# Vision Transformer Image Captioning with Flash Attention

This notebook implements Approach 2 (Vision Transformer) for image captioning on the ArtEmis dataset. It is designed to run on Google Colab with GPU support (specifically optimized for T4/Ampere with Flash Attention).

## Setup
1.  Mount Google Drive.
2.  Ensure your dataset (CSV and images) is accessible in Drive.
3.  Run the cells in order.

In [None]:
from google.colab import drive
drive.mount('/content/drive')

In [None]:
import os
import re
import string
import pickle
import numpy as np
import pandas as pd
import tensorflow as tf
from tensorflow.keras import layers, models, mixed_precision
from tensorflow.keras.layers import TextVectorization
from tensorflow.keras.callbacks import ModelCheckpoint, EarlyStopping, ReduceLROnPlateau
from sklearn.model_selection import train_test_split
from sklearn.feature_extraction.text import TfidfVectorizer
from sklearn.decomposition import TruncatedSVD
import matplotlib.pyplot as plt

In [None]:
# --- Configuration ---
# UPDATE THESE PATHS TO MATCH YOUR DRIVE STRUCTURE
CSV_PATH = "/content/drive/MyDrive/artemis_dataset_release_v0.csv"
IMG_DIR = "/content/drive/MyDrive/wikiart"
OUTPUT_DIR = "/content/drive/MyDrive/iml_a3_models/approach_2"

# Hyperparameters
BATCH_SIZE = 64 # Increased batch size for T4
EPOCHS = 20
IMAGE_SIZE = (256, 256)
VOCAB_SIZE = 5000
MAX_LENGTH = 50
EMBEDDING_DIM = 256
USE_MIXED_PRECISION = True

## 1. Preprocessing

In [None]:
def load_and_clean_data(csv_path, image_dir, sample_size=None, stratify_col='art_style'):
    """
    Loads dataset, filters missing images, and performs stratified sampling.
    """
    print(f"Loading dataset from {csv_path}...")
    df = pd.read_csv(csv_path)
        
    if 'image_file' not in df.columns:
         # Construct path if not present
         df['image_file'] = df.apply(lambda x: os.path.join(image_dir, x['art_style'], x['painting'] + '.jpg'), axis=1)

    # Filter missing files
    print("Checking for missing files...")
    def file_exists(path):
        return os.path.exists(path)
    
    # This might be slow for 80k images, but necessary for robustness
    # Optimization: Check a few or assume correctness if confident
    # valid_mask = df['image_file'].apply(file_exists)
    # missing_count = (~valid_mask).sum()
    # if missing_count > 0:
    #     print(f"Warning: {missing_count} images not found.
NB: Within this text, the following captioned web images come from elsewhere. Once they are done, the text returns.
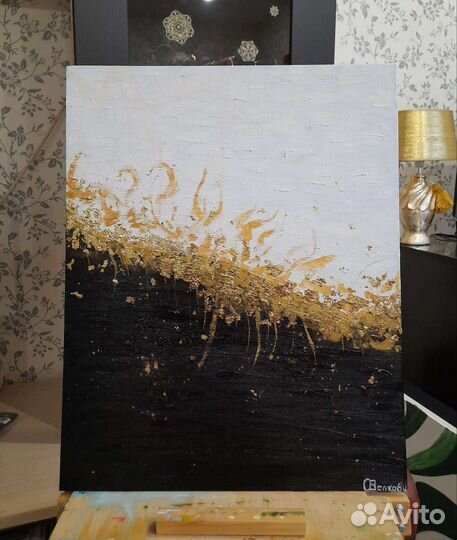 Картины в наличии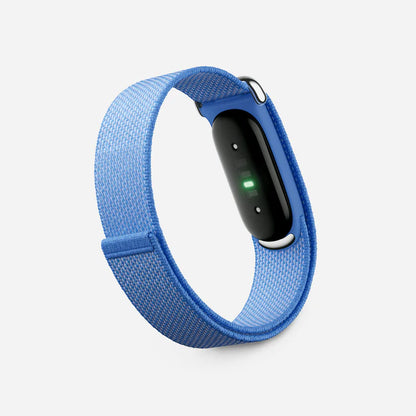 Google Fitbit Air Classic Lavender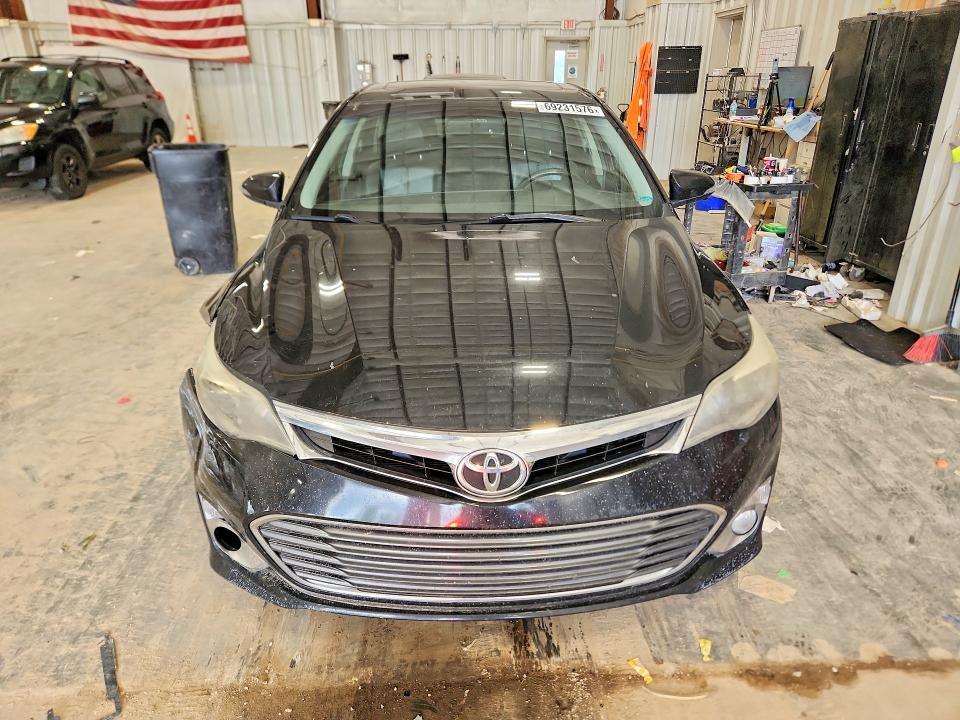 Aukcja sprzedaży 2015 Toyota Avalon, vin: 4T1BK1EB1FU136959, numer aukcji: 69231576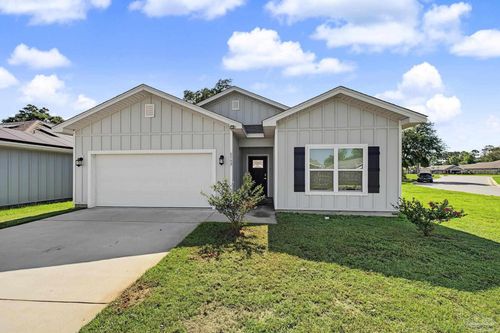 6562 Paso Fino Dr, Pensacola, FL, 32526-2186 | Card Image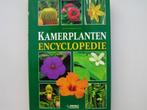 Geillustreerde kamerplanten encyclopedie, Ophalen of Verzenden, Zo goed als nieuw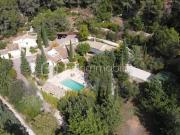 Vente Propriété 10 pièces 490 m2 Aix en Provence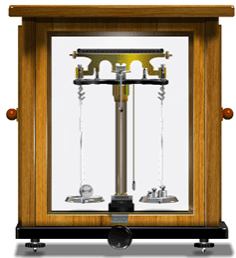 Theory & Procedure, Beam Balance | Additional Study Material for NEET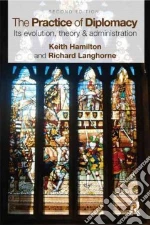 Hamilton Keith, Langhorne Richard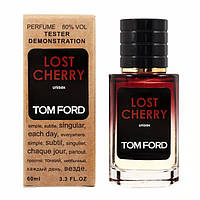 Тестер Tom Ford Lost Cherry - Selective Tester 60ml EV, код: 7684054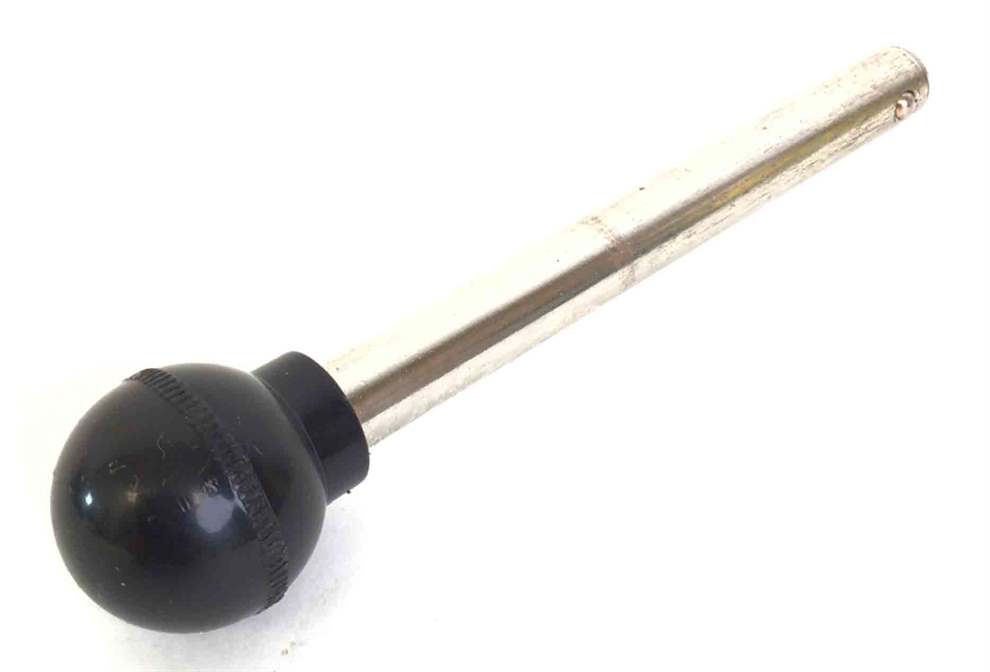 Seat Look Pin Knob Push Pull (Used)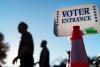 Public officials are defending Rhode Islanders’ right to vote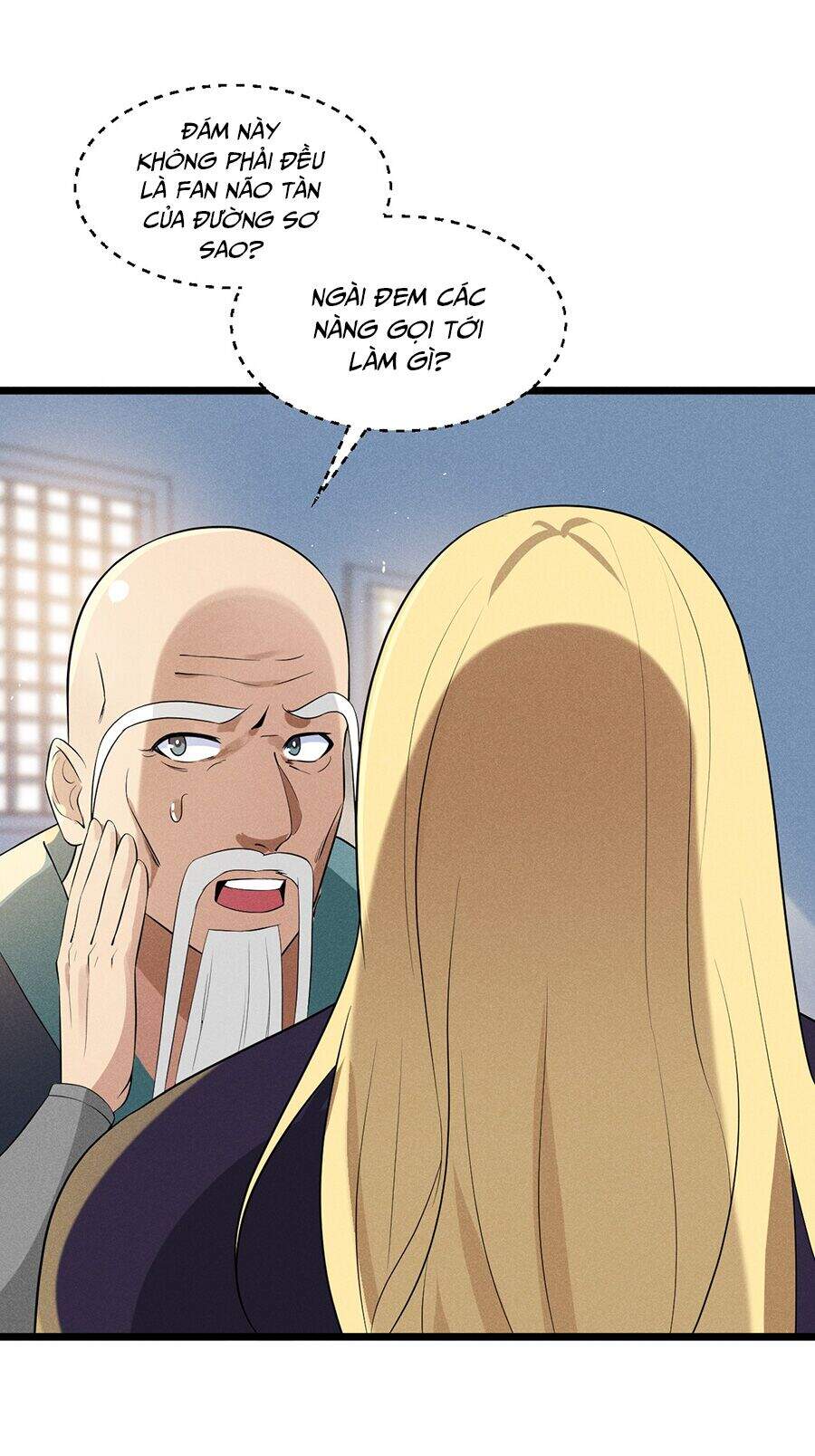 Võ Lâm Đệ Nhất Đầu Bếp chapter 17.2 - Upload bởi truyensieuhay.com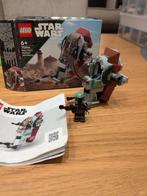 Star Wars lego 75344, Ophalen, Zo goed als nieuw, Actiefiguurtje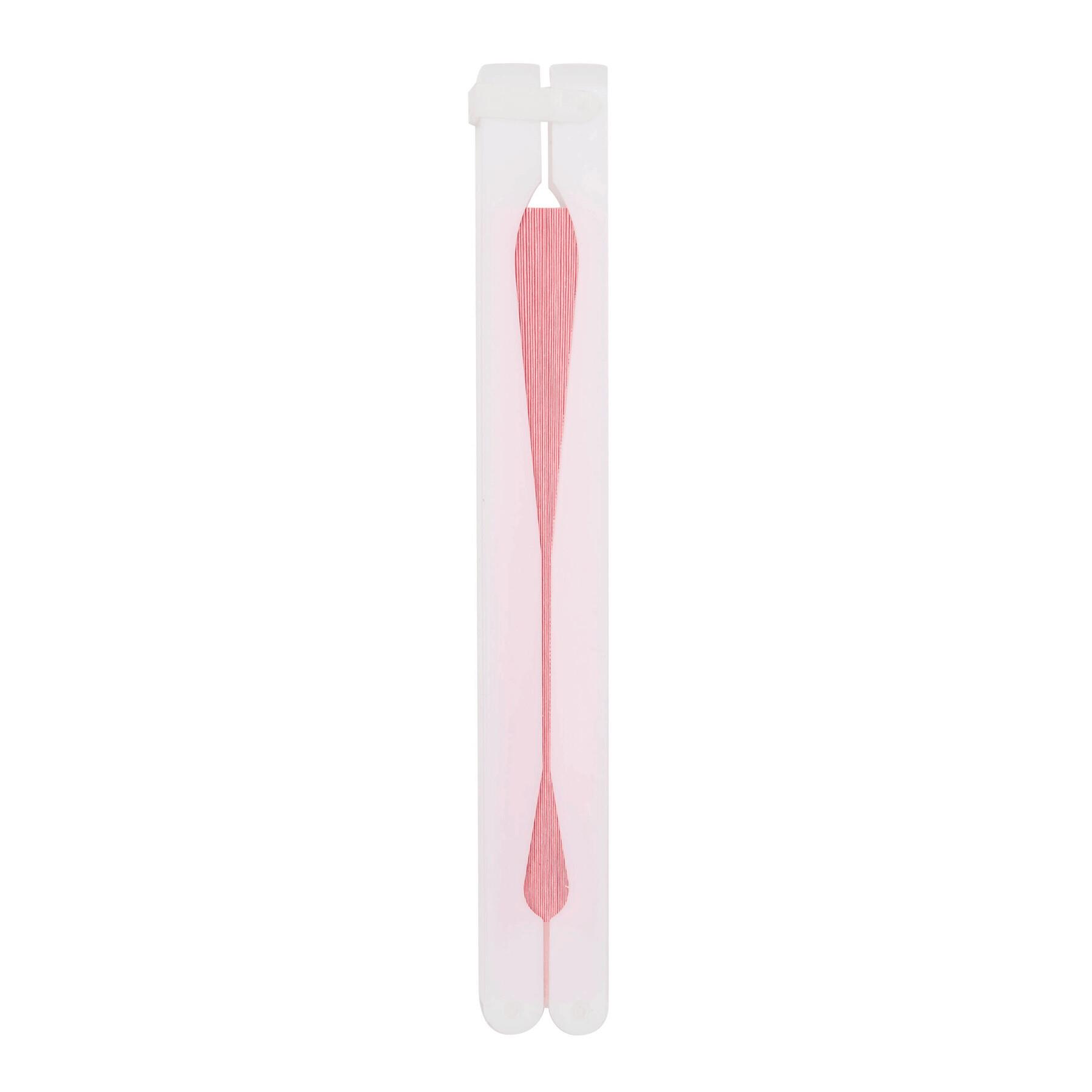 PEACOCK - Faltbarer Fächer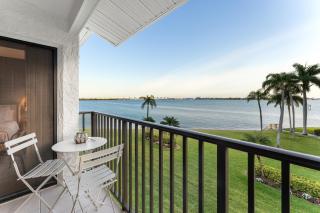 Waterfront Condo in St Petersburg FL - Sint-Petersburg - 3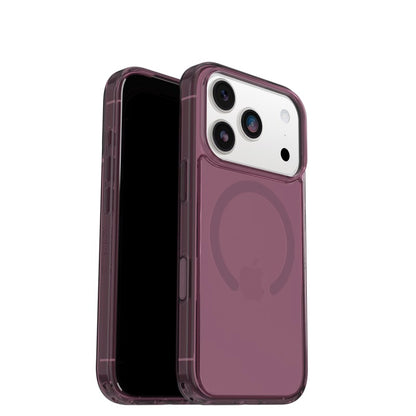 OtterBox Symmetry MagSafe Case with Camera Control For iPhone 17 Pro - Rhapsody Pink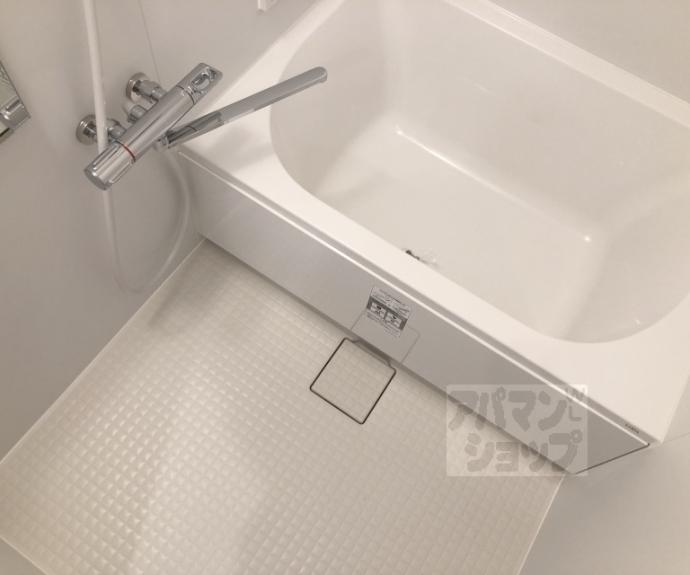 【ソレイユ三宅Ⅱ】間取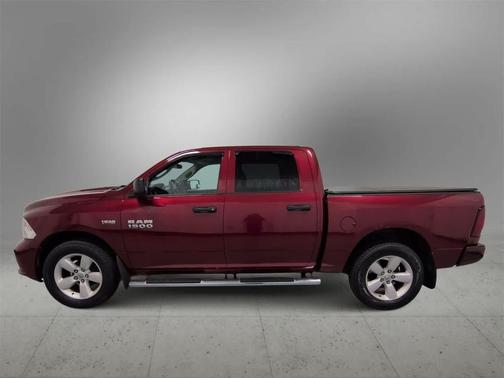 2013 RAM 1500 Tradesman/Express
Removing them.")
    #     df = df[valid_mask]
    
    # Stratified Sampling
    if sample_size and sample_size < len(df):
        print(f"Performing stratified sampling to reduce size to {sample_size}...")
        try:
            df, _ = train_test_split(
                df, 
                train_size=sample_size, 
                stratify=df[stratify_col], 
                random_state=42
            )
        except ValueError as e:
            print(f"Stratified sampling failed: {e}. Falling back to random sampling.")
            df = df.sample(n=sample_size, random_state=42)
            
    print(f"Final dataset size: {len(df)}")
    return df

def custom_standardization(input_string):
    """
    Custom text standardization: lowercase, remove punctuation.
    """
    lowercase = tf.strings.lower(input_string)
    return tf.strings.regex_replace(lowercase, f"[{re.escape(string.punctuation)}]", "")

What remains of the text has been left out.